Royaume-Uni: «Same but different»
L'actuel Premier ministre britannique Rishi Sunak devra probablement passer le flambeau. Après 14 ans dans l'opposition, le parti travailliste et son actuel leader Keir Starmer pourraient prendre la tête du gouvernement britannique jeudi, si les sondages se confirment. Actuellement, le parti de centre-gauche bénéficie de 40% d'opinions favorables, les conservateurs des Tories de seulement 20%, comme le montrent les sondages représentatifs de la chaîne britannique BBC.
Qu'est-ce qui changera si le Centre-Gauche remplace les conservateurs? Pas grand-chose pour l'instant, du moins pas en politique étrangère. Le chef du Labour Keir Starmer, lui-même autrefois opposé au Brexit, a clairement déclaré qu'il ne reviendrait pas sur la sortie du Royaume-Uni de l'UE. Il souhaite toutefois améliorer les relations avec cette dernière.
Le programme électoral du parti travailliste prévoit d'alléger les contrôles aux frontières afin de réduire le coût des denrées alimentaires, de soutenir les tournées d'artistes et d'encourager la reconnaissance mutuelle des qualifications professionnelles. Parmi les changements proposés figure également un nouvel accord vétérinaire avec l'UE, destiné à améliorer les échanges commerciaux.
Sur la question de l'Ukraine, Keir Starmer a aussi annoncé qu'il suivrait la ligne de ses rivaux conservateurs s'il était élu. Le parti travailliste s'est non seulement engagé à maintenir l'engagement du Royaume-Uni au sein de l'OTAN, mais il a aussi fait campagne pour un nouveau «pacte de sécurité» avec l'Europe, même si les détails de ce qu'il pourrait contenir restent vagues.
France: La rupture
Les élections françaises diffèrent en presque tous points des élections britanniques. Dans l'Hexagone, le président Emmanuel Macron a convoqué de nouvelles élections parlementaires début juin après les mauvais résultats de son parti aux élections européennes. Le deuxième tour aura lieu dimanche. Actuellement, ce n'est pas son parti ou sa coalition qui est en tête, mais le Rassemblement national (RN), parti d'extrême droite, dirigé par Marine Le Pen (55 ans).

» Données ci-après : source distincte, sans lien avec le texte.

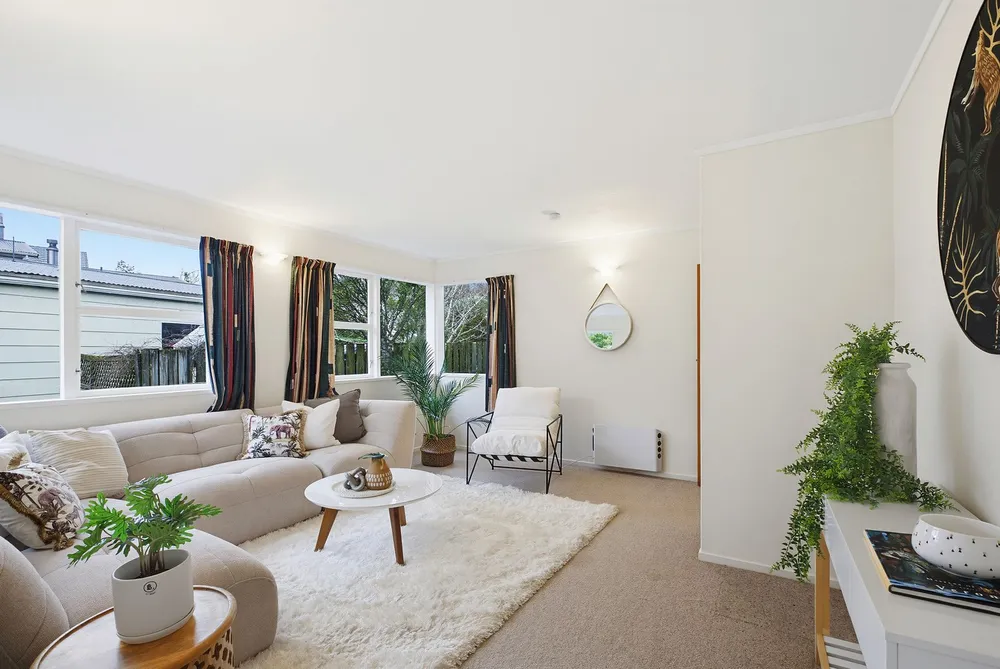 Photos of 46 Hazlewood Avenue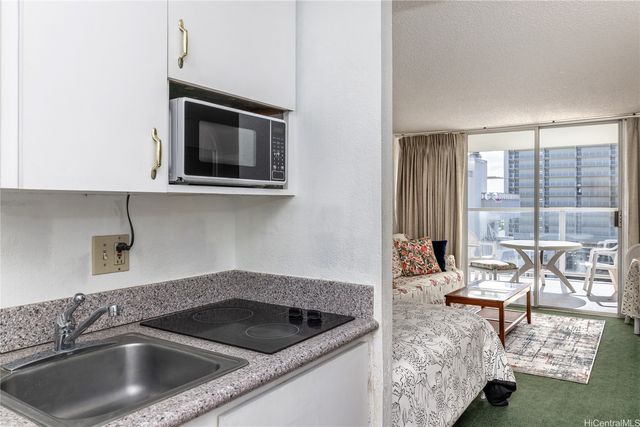 445 Seaside Avenue 1011, Honolulu, HI 96815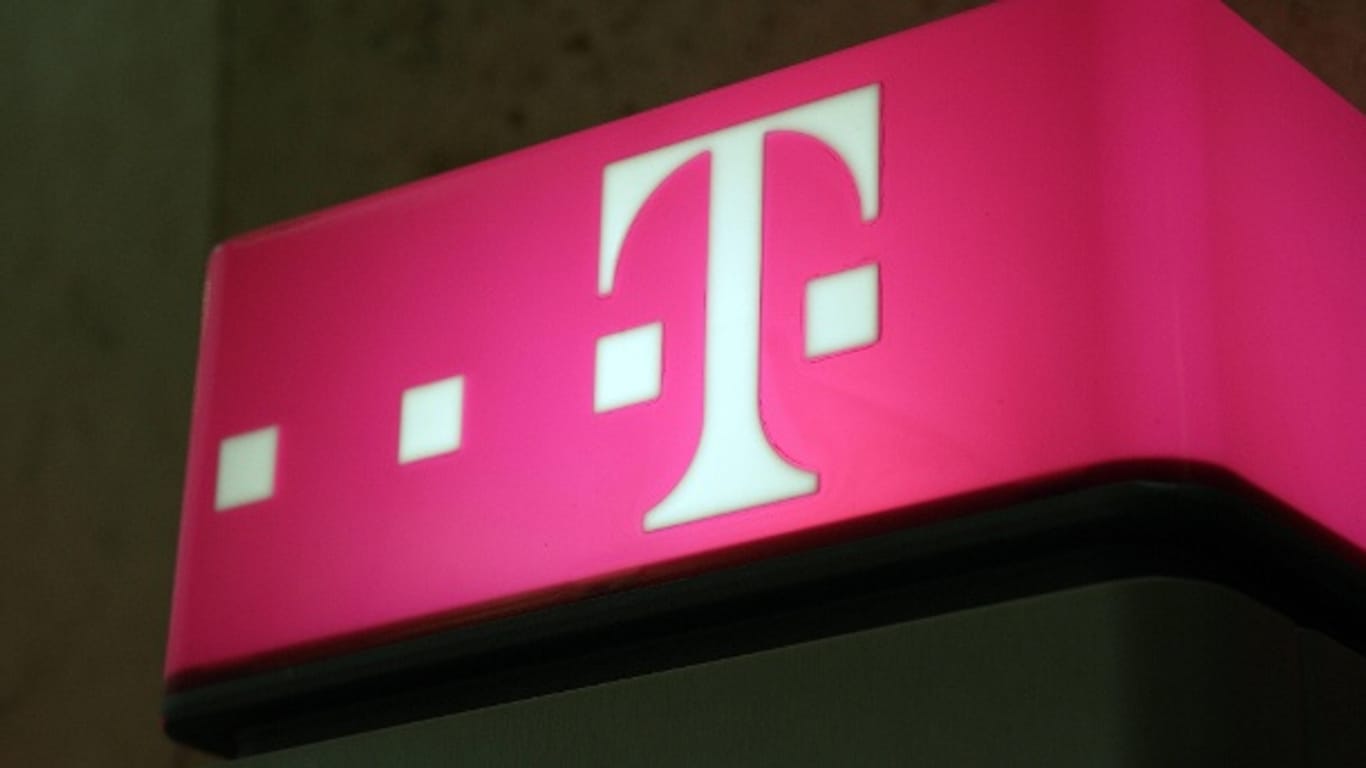 Das Logo der Telekom (Symbolbild): In der Hauptstadt hatte der Anbieter am Donnerstag mit Ausfällen zu kämpfen.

Si le RN parvient à étendre son influence au Parlement français dimanche, les relations de la France avec l'Europe s'en trouveront fondamentalement modifiées. Le plus gros problème pour le parti est sa position prorusse. Marine Le Pen elle-même a déclaré en 2017 qu'elle «vénérait» le chef du Kremlin Vladimir Poutine. Jordan Bardella, l'élève politique de Le Pen et actuel président du parti, a en outre clairement indiqué qu'il était hors de question que la France envoie des troupes en Ukraine, contrairement à ce que laissait entendre Macron quelque temps plus tôt. De plus, le RN n'a pas encore voté de résolution pro-ukrainienne au Parlement européen.
Si Jordan Bardella, 28 ans, devenait Premier ministre, il pourrait soit mener une guérilla contre Macron, soit tenter de changer l'UE de l'intérieur. Avec le soutien de partis d'extrême droite dans plusieurs pays, le RN pourrait constituer une minorité de blocage au sein du Conseil des ministres de l'UE, orienter le cours de la politique européenne, bloquer l'aide à l'Ukraine et empêcher l'élargissement de l'UE. Cette stratégie pourrait éviter l'isolement de la France, mais aurait de graves conséquences pour l'Europe. Toujours est-il que le parti a entre-temps renoncé à l'idée de faire passer un «Frexit».
Des querelles programmées
La relation entre les deux pays est une histoire tumultueuse et cela ne va probablement pas s'arranger. David Lammy, qui sera probablement le nouveau ministre des Affaires étrangères du Royaume-Uni, a déjà traité Marine Le Pen de «fasciste».
L'un des principaux points de désaccord concernera la traversée de la Manche par les migrants. Certains experts ont fait remarquer qu'un gouvernement d'extrême droite pourrait éventuellement entraîner une augmentation du nombre de traversées vers Londres par de petites embarcations. Pour le dire simplement, un gouvernement français nationaliste, qui souhaite prendre des mesures sévères contre l'immigration, ne s'opposera guère à ce que des migrants quittent la France pour traverser la Manche.